I finally made it through The Time Traveler’s Wife this afternoon, taking a few brains to unclogged my foggy, thought-induced brain. Again, I have to say that the novel is so much better, and watching this for the second time clarifies my belief more so. I’m just glad that Rachel McAdams was casted as Claire. Eric Bana looks like Henry, but I’m not sure that he captures his character as well as I envisioned him to be. Once again though, I obvious have high expectations when it comes ot this story so my bias isn’t fair.
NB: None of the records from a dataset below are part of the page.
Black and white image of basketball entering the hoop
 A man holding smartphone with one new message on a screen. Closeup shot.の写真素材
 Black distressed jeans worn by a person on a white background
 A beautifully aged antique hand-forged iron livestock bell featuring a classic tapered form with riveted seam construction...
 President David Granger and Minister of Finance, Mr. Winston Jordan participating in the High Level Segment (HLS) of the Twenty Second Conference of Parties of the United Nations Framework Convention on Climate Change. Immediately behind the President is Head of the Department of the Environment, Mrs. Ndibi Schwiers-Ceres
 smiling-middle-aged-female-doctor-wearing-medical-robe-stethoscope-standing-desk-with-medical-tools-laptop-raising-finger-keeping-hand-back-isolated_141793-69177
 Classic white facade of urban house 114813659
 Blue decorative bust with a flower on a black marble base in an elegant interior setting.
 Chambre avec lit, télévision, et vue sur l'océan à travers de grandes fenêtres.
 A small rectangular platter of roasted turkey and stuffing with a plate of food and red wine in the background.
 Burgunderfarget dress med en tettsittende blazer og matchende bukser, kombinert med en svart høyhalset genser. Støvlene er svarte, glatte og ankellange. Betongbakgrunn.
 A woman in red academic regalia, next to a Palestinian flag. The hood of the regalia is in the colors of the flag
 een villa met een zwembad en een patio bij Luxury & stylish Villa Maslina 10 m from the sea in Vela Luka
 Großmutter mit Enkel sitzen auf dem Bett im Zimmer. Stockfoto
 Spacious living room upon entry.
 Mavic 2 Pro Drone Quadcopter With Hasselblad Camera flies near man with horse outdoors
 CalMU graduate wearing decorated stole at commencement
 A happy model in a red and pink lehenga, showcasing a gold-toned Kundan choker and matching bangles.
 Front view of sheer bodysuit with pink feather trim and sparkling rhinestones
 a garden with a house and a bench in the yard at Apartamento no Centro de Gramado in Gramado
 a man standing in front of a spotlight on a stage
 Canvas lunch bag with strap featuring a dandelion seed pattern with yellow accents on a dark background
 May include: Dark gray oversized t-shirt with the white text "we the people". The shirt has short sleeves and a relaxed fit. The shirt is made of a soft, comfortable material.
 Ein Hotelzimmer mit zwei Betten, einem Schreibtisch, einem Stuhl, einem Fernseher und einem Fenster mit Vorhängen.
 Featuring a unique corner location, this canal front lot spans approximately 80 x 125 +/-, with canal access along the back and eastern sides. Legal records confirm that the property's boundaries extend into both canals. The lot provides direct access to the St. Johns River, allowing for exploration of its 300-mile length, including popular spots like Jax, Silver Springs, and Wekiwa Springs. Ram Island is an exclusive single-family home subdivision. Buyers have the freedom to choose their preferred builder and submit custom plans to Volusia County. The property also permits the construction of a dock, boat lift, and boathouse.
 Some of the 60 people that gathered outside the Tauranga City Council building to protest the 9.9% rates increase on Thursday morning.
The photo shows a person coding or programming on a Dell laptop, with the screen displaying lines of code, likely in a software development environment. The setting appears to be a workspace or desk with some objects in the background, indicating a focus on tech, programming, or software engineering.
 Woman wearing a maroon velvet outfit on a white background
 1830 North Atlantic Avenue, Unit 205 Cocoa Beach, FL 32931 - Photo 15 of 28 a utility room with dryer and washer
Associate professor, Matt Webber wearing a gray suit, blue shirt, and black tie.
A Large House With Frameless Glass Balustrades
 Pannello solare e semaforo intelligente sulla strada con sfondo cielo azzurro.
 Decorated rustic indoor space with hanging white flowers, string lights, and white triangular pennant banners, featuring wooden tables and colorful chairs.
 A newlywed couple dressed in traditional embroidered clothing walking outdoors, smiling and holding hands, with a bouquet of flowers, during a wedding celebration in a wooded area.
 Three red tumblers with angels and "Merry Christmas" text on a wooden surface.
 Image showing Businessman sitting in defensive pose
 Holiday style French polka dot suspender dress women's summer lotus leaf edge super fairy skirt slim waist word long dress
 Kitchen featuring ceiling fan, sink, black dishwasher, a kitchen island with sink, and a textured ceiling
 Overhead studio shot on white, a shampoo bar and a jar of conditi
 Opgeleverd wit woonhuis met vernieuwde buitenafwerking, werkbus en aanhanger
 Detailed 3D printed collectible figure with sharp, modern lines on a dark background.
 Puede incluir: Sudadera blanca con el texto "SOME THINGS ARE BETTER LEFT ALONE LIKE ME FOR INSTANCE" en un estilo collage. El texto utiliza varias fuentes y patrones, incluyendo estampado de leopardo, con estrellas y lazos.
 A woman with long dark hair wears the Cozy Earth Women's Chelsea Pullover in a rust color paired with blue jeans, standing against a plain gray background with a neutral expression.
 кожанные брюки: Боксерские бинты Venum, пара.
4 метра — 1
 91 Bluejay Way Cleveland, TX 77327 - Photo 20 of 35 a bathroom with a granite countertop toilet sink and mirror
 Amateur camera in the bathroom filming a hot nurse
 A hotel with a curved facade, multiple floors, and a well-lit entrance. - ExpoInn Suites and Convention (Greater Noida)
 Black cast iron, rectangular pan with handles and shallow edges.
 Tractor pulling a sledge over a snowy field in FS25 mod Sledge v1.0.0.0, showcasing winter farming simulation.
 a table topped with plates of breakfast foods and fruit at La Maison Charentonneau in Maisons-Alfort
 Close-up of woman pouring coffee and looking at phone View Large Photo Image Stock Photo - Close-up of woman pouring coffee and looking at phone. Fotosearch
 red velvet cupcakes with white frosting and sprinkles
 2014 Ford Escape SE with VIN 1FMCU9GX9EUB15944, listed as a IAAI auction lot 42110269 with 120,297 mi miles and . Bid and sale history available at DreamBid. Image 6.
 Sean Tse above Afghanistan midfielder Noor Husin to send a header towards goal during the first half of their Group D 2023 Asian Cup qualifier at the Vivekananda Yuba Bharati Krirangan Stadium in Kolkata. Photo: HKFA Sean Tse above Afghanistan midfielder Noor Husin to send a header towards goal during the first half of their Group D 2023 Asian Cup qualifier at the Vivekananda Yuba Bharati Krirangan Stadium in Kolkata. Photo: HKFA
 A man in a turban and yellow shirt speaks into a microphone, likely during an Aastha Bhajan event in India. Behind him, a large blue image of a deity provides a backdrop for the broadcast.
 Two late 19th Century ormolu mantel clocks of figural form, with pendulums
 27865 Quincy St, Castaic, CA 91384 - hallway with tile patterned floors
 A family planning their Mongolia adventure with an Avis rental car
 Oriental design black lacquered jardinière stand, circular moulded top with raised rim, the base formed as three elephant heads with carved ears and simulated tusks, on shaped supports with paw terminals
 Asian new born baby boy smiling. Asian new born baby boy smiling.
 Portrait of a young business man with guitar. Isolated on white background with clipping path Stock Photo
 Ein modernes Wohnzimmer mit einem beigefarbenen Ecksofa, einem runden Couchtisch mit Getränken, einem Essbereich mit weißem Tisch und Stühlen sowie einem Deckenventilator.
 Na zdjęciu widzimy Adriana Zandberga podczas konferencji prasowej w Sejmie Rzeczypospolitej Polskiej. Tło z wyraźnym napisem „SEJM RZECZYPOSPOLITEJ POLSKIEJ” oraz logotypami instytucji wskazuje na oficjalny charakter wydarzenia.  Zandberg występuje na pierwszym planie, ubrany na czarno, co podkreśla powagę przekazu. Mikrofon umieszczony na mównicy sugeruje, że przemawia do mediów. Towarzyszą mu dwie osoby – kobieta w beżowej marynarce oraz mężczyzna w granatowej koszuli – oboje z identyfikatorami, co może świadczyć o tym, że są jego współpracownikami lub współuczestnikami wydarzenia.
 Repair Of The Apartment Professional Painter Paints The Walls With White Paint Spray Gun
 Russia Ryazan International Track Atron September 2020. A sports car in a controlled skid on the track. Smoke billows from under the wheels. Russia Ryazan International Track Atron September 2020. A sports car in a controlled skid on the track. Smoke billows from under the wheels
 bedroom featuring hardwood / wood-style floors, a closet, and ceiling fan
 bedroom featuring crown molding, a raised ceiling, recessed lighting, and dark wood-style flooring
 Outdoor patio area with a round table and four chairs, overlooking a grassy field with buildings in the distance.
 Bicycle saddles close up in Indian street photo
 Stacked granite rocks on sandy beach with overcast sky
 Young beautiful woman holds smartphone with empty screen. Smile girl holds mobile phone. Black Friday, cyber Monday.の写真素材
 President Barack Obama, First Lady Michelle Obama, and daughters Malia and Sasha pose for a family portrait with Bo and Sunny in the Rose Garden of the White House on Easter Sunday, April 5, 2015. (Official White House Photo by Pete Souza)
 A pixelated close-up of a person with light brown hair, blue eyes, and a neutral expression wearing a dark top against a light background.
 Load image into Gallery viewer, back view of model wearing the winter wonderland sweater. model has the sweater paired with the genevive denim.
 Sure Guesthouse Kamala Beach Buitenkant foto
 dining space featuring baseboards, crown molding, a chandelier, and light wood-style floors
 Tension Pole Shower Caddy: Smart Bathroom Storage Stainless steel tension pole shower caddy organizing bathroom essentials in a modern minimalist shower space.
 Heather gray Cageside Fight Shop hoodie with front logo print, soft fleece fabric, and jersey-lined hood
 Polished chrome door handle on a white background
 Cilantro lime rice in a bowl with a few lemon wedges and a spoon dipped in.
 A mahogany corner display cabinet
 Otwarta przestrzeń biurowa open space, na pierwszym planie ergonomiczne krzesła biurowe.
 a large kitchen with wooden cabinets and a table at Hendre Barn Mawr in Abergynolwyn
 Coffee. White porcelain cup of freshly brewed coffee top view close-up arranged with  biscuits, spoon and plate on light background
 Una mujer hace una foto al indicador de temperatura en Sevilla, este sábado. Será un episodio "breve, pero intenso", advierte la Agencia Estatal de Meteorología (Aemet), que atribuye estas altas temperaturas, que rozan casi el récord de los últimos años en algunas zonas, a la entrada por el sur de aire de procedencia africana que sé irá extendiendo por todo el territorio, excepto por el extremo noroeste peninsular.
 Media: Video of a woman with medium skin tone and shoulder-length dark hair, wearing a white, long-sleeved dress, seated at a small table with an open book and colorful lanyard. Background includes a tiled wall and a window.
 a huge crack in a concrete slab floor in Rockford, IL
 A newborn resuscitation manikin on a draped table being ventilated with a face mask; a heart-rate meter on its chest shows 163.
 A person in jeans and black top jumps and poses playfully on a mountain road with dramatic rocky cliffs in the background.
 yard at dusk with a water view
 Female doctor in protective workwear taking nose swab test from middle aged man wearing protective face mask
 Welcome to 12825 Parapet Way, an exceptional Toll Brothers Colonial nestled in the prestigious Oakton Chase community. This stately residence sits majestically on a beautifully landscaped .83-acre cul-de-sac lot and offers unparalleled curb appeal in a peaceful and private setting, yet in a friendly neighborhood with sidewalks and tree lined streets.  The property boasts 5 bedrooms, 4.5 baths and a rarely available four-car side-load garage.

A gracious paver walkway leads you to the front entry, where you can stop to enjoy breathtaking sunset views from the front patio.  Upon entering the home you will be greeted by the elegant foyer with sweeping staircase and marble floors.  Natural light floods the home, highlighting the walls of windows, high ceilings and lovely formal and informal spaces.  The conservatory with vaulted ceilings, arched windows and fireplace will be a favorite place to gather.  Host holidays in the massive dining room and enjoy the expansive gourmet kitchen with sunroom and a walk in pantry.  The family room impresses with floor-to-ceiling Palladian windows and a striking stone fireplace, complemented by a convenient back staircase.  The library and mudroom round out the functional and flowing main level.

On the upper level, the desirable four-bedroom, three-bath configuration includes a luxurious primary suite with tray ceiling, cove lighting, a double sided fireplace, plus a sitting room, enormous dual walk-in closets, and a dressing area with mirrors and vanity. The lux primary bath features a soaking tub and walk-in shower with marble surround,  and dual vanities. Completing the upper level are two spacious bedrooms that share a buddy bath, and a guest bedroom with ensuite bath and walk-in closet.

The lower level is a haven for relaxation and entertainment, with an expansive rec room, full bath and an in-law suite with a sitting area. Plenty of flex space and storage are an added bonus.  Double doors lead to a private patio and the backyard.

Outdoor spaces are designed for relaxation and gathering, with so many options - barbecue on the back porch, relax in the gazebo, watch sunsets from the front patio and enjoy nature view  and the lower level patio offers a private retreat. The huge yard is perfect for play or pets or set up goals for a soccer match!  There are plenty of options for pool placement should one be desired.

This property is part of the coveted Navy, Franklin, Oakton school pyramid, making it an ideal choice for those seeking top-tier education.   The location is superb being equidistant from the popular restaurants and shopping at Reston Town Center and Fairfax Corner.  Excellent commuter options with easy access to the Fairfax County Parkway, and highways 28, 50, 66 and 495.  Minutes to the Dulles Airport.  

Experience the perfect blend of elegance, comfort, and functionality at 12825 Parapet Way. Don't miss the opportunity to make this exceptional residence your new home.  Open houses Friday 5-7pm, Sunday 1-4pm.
Two things stood out in my mind when watching the movie this afternoon (instead of studying):
1. I am Claire Abshire. There’s a scene on their wedding night when Henry disappears and Claire is lying on the bed holding his wedding band in her hand. That’s when I had this thought about being Claire, although I’ve always felt this way since reading the novel for the first time back in July ’06.
2. There’s this line that really hits me every time I think about it. Hearing it today impacted me hard and I know I had to take a break after watching the movie. Henry & Claire have been fighting after two miscarriages, and Henry reappears after he traveled to visit Claire in the meadow when she was eighteen.
Henry says something about Claire having made the choice to be with him, and Claire responds back, “I never had a choice.”
When it comes to true love, do we have a choice? If there’s such a thing as fate, do we still have the free will to choose? And if we make the wrong choice, will fate give us another chance until we ulitimately make the ‘right choice’?
I could say so much more on the topic right now, but I’m sure that day will come eventually. Don’t say I didn’t warn you when it does.